The decision to take up seats in Brussels sparked one of many splits in the UKIP ranks - they were proving to be a rancorous bunch.

Mr Farage scored a publicity coup by recruiting former TV presenter and ex-Labour MP Robert Kilroy-Silk to be a candidate in the 2004 European elections, but the plan backfired when Mr Kilroy-Silk attempted to take over the party.


Nigel Farage's fight with Robert Kilroy-Silk marked a low point for the party

It was a turbulent time for UKIP but in that year's elections it had increased its number of MEPs to 12.

In 2006, Mr Farage was elected leader, replacing the less flamboyant Roger Knapman.

He was already a fierce critic of Conservative leader David Cameron, who earlier that year had described UKIP members as "fruitcakes, loonies and closet racists".

Mr Farage told the press that "nine out of 10" Tories agreed with his party's views on Europe.

Asked if UKIP was declaring war on the Conservatives, he said: "It is a war between UKIP and the entire political establishment."

The world on Farage



"We Tories look at him, with his pint and cigar and sense of humour, and instinctively recognise someone fundamentally indistinguishable from us," London Mayor Boris Johnson in 2013

"This man is not a cartoon character, he isn't Del Boy or Arthur Daley, he's a pound shop Enoch Powell and we're watching him," Russell Brand on Question Time in 2014

"He's a really, really reem guy... It means cool, wicked, sick." Reality TV star Joey Essex (above) during the 2015 election campaign

"You are either serious or a kind of Victor Meldrew on stilts. Which one are you?" Nick Clegg in 2015

"He's very outspoken - even the people who don't share his message think that he's a great speaker and fun to listen to." Timo Soini, of the eurosceptic True Finns party


At the 2009 European elections, with Mr Farage becoming a regular fixture on TV discussion programmes, UKIP got more votes than Labour and the Lib Dems, and increased its number of MEPs to 13.

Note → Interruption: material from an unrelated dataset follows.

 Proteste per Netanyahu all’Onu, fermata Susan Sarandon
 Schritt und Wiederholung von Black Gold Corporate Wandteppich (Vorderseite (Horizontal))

But the party knew it could do little to bring about its goal of getting Britain out of the EU from Brussels and Strasbourg - and it had always performed poorly in UK domestic elections.

In an effort to change this, Mr Farage resigned as leader in 2009 to contest the Buckingham seat held by House of Commons Speaker John Bercow.

He gained widespread publicity in March 2010 - two months before the election - when he launched an attack in the European Parliament on the president of the European Council, Herman van Rompuy, accusing him of having "the charisma of a damp rag" and "the appearance of a low-grade bank clerk".

It raised Mr Farage's profile, going viral on the internet, but made little difference to his Westminster ambitions. He came third, behind Mr Bercow and an independent candidate.

Mr Farage's chosen successor as leader, Lord Pearson of Rannoch, was not suited to the cut-and-thrust of modern political debate and presentation, and UKIP polled just 3.1% nationally.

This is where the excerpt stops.